**Exercise**. What you return must match the records word for word, except that pictures are dropped.

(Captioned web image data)
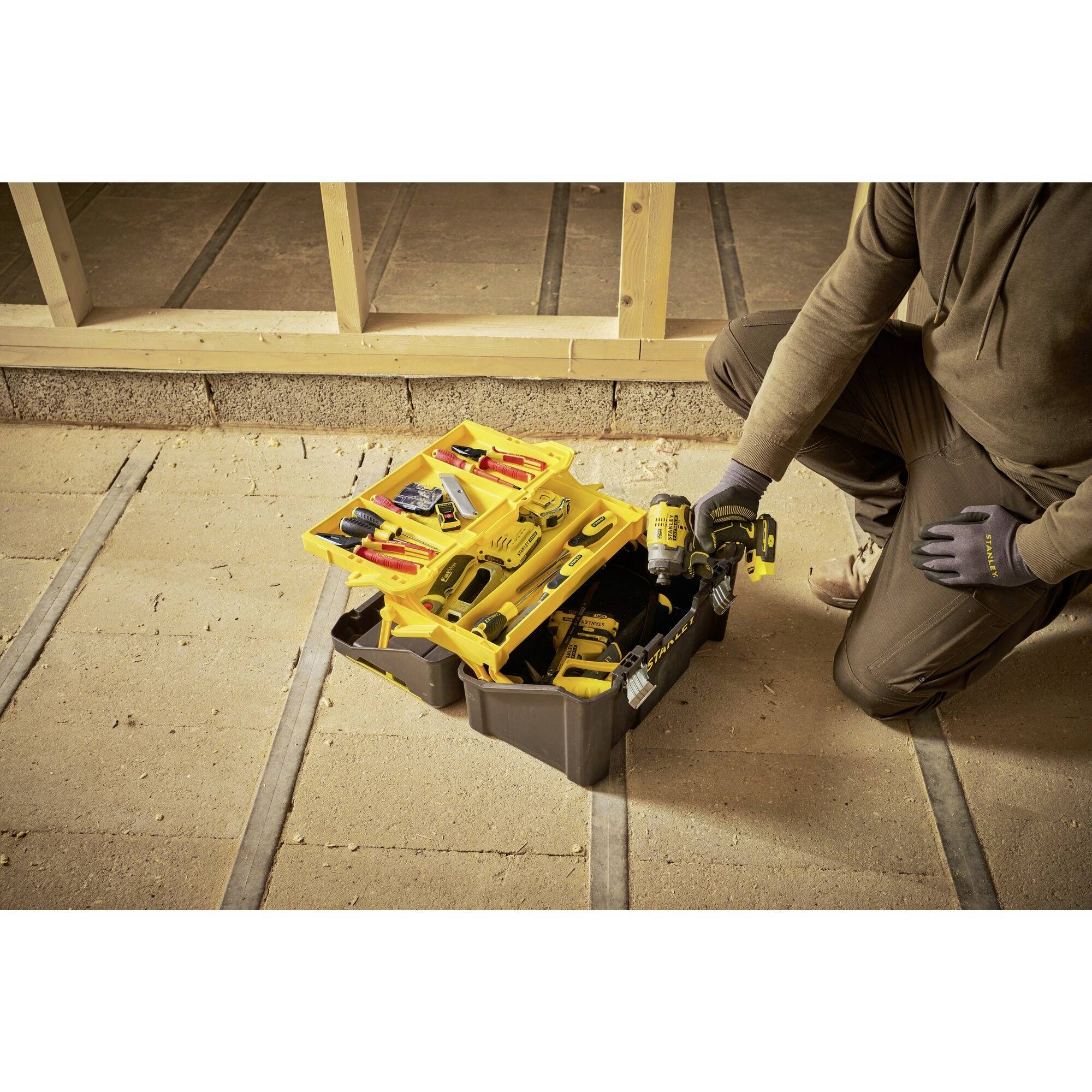A person in work attire is kneeling on a wooden floor and reaching for an electric tool from an open toolbox.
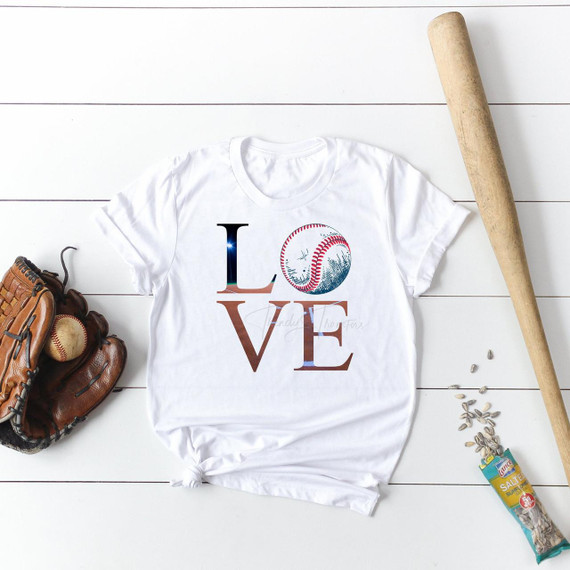 Love Baseball Sublimation Transfer-1655971499, white T-shirt with a baseball graphic and the word 'LOVE' printed on it, surrounded by baseball glove, ball, bat, and sunflower seeds on a white wooden surface.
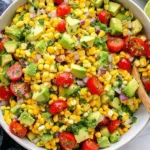 Summer Corn Salad with Avocado in a large bowl with cherry tomatoes, red onion, cilantro, and fresh lime wedges on the side.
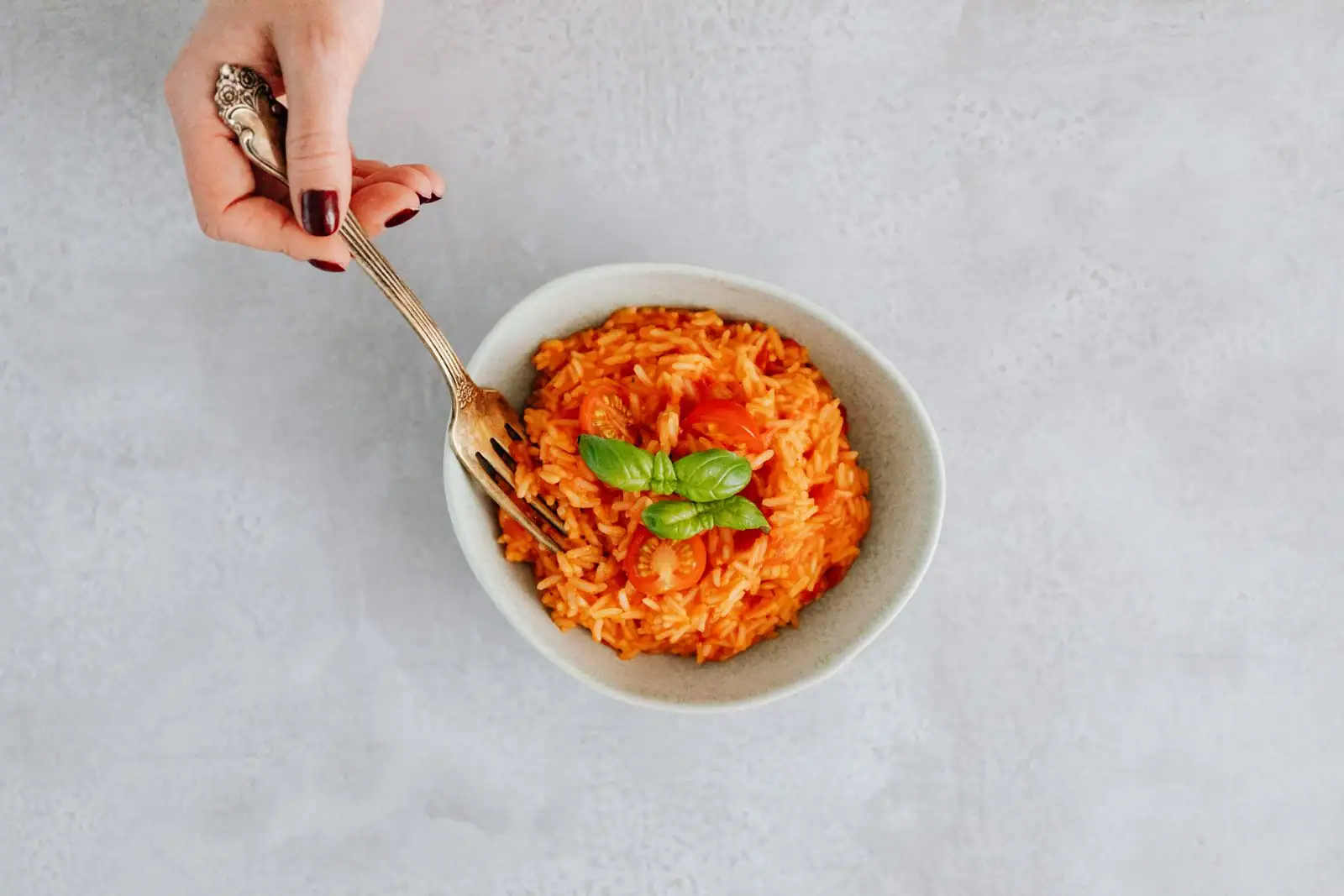 Bol de risotto à la tomate, garni de tomates cerises et de feuilles de basilic frais.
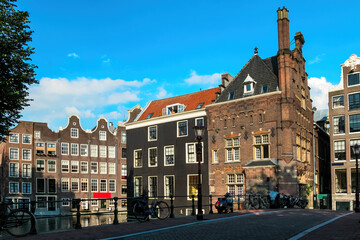Fototapeta premium Old building and bridge over canal in Amsterdam, Netherlands.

**Reply**.
A person in work attire is kneeling on a wooden floor and reaching for an electric tool from an open toolbox.
 Love Baseball Sublimation Transfer-1655971499, white T-shirt with a baseball graphic and the word 'LOVE' printed on it, surrounded by baseball glove, ball, bat, and sunflower seeds on a white wooden surface.
 Summer Corn Salad with Avocado in a large bowl with cherry tomatoes, red onion, cilantro, and fresh lime wedges on the side.
 Bol de risotto à la tomate, garni de tomates cerises et de feuilles de basilic frais.
Fototapeta premium Old building and bridge over canal in Amsterdam, Netherlands.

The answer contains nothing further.